The failure rate among vocational high school students is even worse. Almost half of the vocational high school students in East Nusa Tenggara could not pass the test. Nationally, there were 900,000 students from public high schools and 500,000 students of vocational high school students who took the exams.

Dikmenti Suharyanto, the national head of the vocational school program, said mathematics was the main cause for the students' failure, followed by English. About 25 percent of the students from vocational schools who failed performed poorly in maths. At one public high school in Jakarta, 17 of the failing 20 students had flunked the exam because of the English section.

Improving the quality of teaching, redesigning the curriculum and hiring more qualified teachers for the two subjects would be obvious solutions, however, this all implies an increase in spending. But the new Education Law also implies more of the same. The government has to deploy 100,000 religious teachers. Minister of Religious Affairs Said Agiel Munawar said that the government was ready to deploy 30,000 additional teachers funded by the state budget and an additional 70,000 teachers would be recruited from the Ministry of National Education.

Ours is not only a rapidly changing era but also a technologically demanding one. Globalization means ferocious competition in almost all aspects. The fundamental key to survival and prosperity is the ability to acquire knowledge, and education is the means to do that. The fundamental purpose of education is to teach students how to imagine, think, analyze and propose solutions to problems as well as how to behave.

To be able to compete internationally, our entire population has to be better educated than the populations of our competitors. Our secondary schools and colleges need to strive for excellence in all fields and particularly in science and technology.

Our universities and research institutions have sufficient human and financial resources to be able to compete globally as well as to bring them closer to the business sector.

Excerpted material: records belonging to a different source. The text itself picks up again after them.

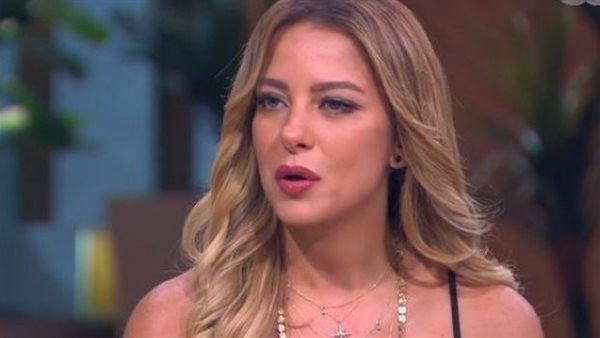 تعرف على موعد ومكان جنازة والدة الفنانة ريم مصطفى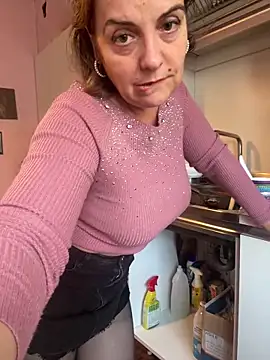 Sunbelxx online show from 10-27-25, 09:21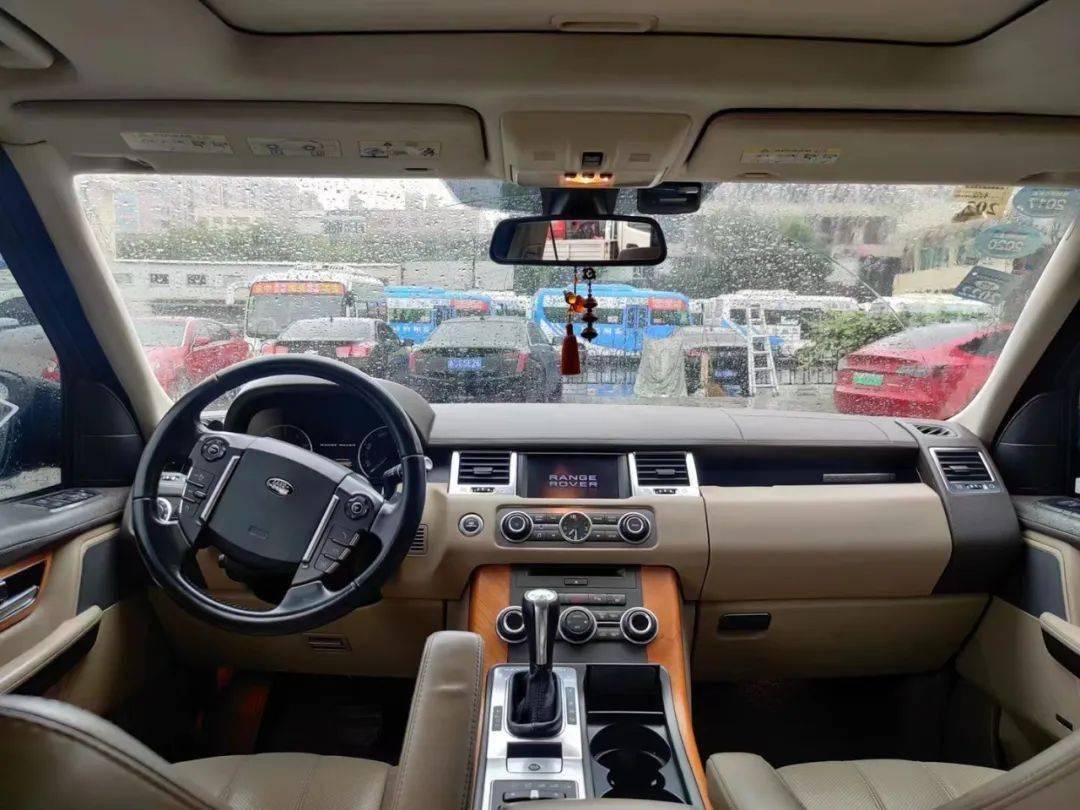 2012年路虎揽胜50运动版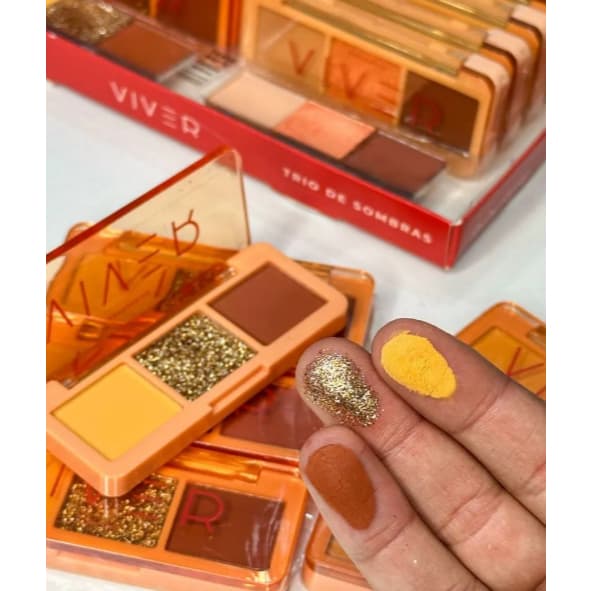 Trio De Sombras  Viver Ruby Rose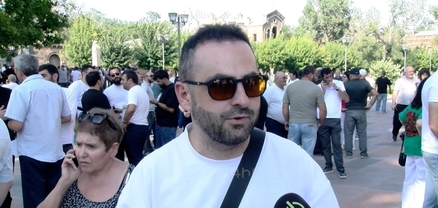 Պետք է շարունակենք լինել եկեղեցու կողքին, պայքարենք այս իշխանությունների դեմ, որ ազգային դիմագիծը վերականգնվի. երաժիշտ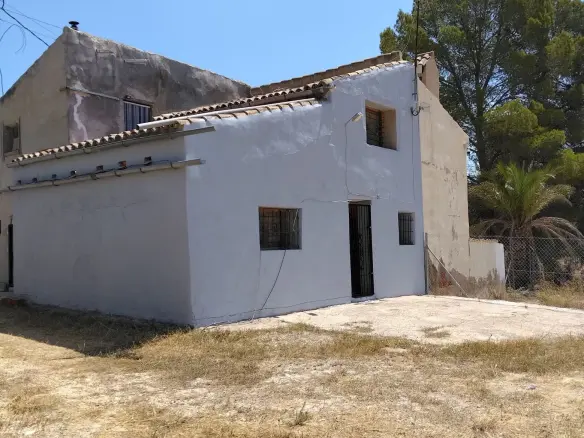 Country House Of 208 M² In Pinoso, Spain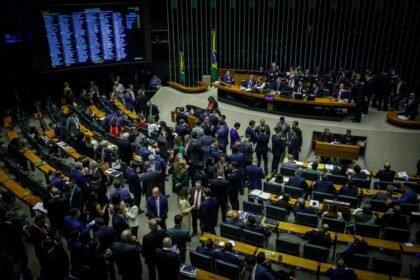 Câmara aprova texto-base de projeto que estabelece compensação à desoneração da folha | Política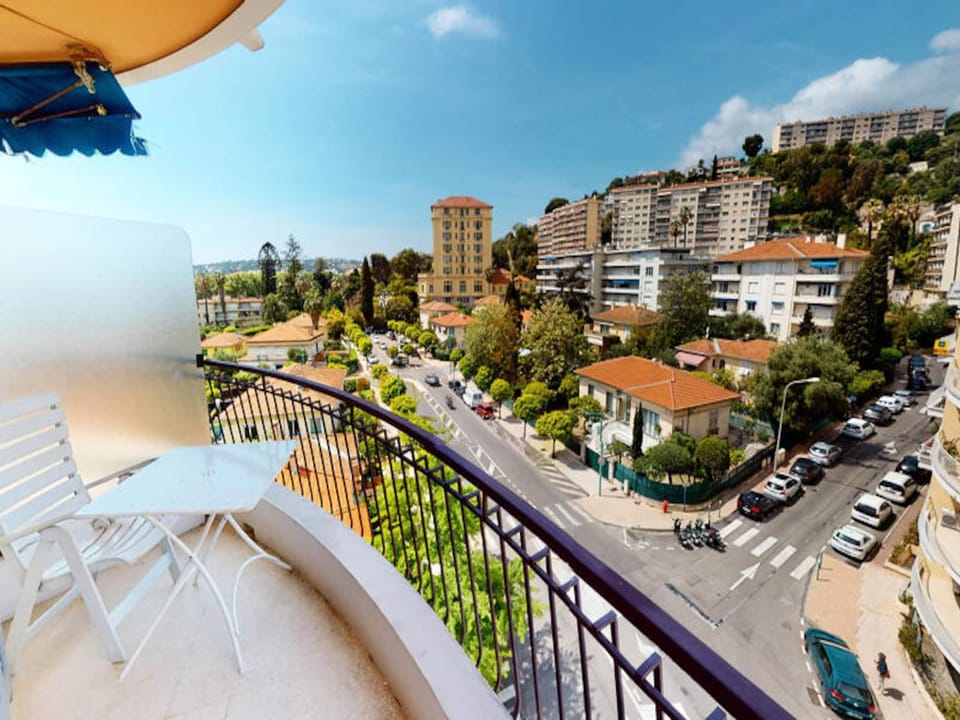 Rooms for 4 People Hotel in Menton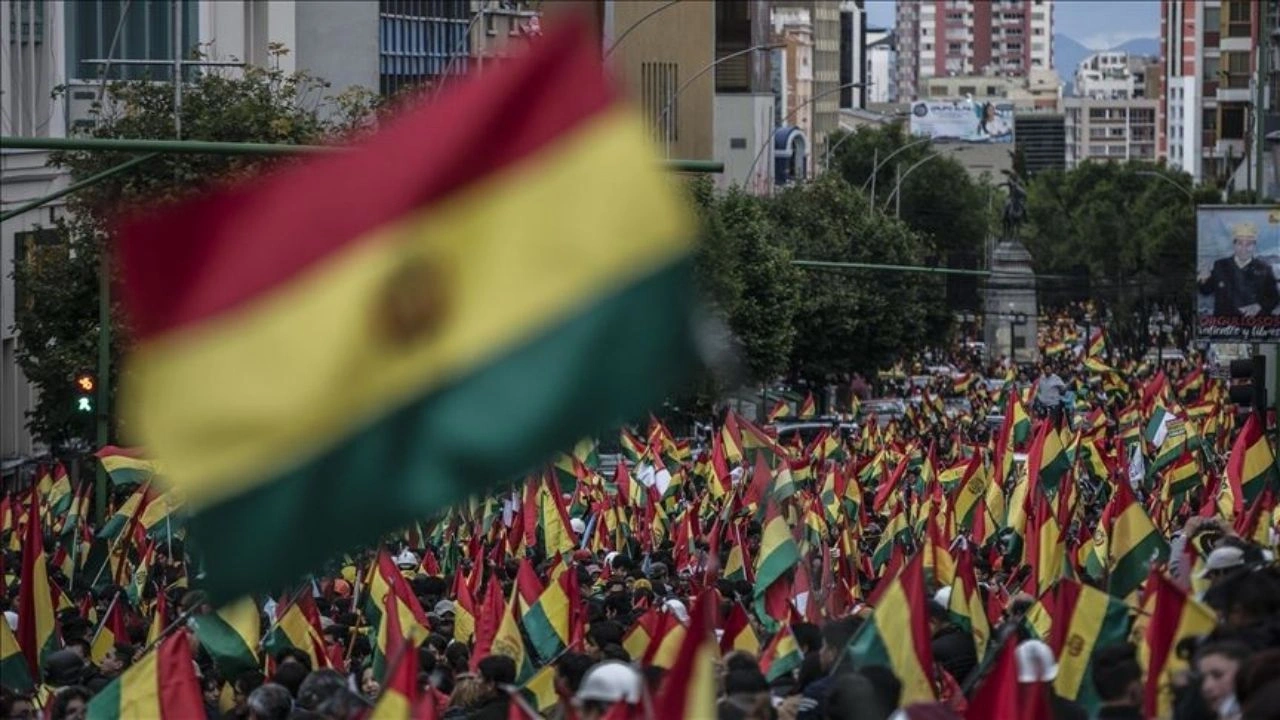 Bolivya'da hükümet karşıtı protestolar sürerken iki bakan istifa etti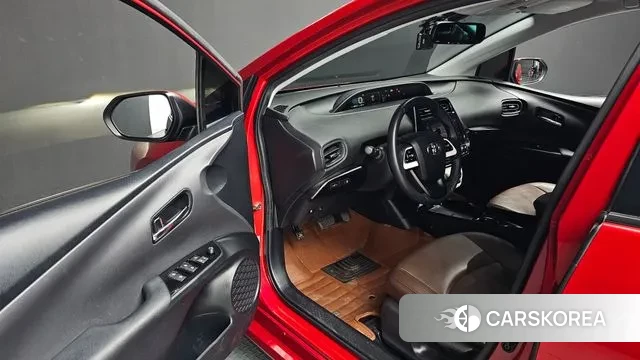 Toyota Prius 4th Generation 2018 Красный из Кореи, фото 2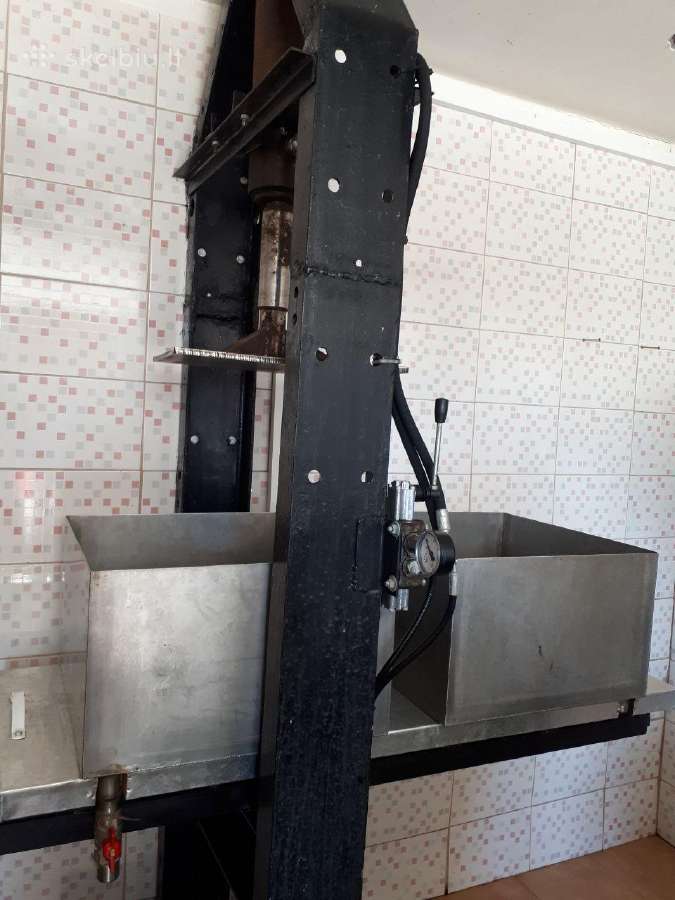Sulčių spaudimo presas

Our teachers have to be better teachers. Our students have to become multilingual with English as their second language. Every student will need to do things better than they are at present. The key to the future is what is being taught in today's classrooms.

Just like a monument, education endures not because of the bricks but because of what they represent. Its true foundation is neither of rock nor symbols, but of values such as liberty and freedom; the freedom to question and to explore the answers of any question. These core values, which underpin education and the development of our society, have to be solid.

But the recent debate and the new bill have revealed something else. We tend to be more interested in symbols rather than addressing the fundamental problems that are worsening our education system. Instead of taking care of the mess, the politicians, leaders and many influential figures in our society are trying to appease the masses.

As a nation, our huge task goes beyond improving the education system. We also have a huge mess in our national economy and fsecurity. The number of unemployed in the country almost totals 40 million. The number of people living in poverty has also reached about 40 million. Since 1998, large numbers of people in different parts of Indonesia have had to flee from one part of the country to another, primarily as a result of political conflict and ethnic violence.

The official number of internally displaced persons in Indonesia has hit more than one million. It accounts for more than 20 percent of the total number of people who have been forcibly displaced by internal conflicts, intercommunal violence and related violations of human rights in Asia. Many are in need of basic assistance, protection and reintegration and development support.

This huge task demands sincerity, not dishonesty. It requires a respect for differences, not disrespect. It demands cooperation, not the alienation of others.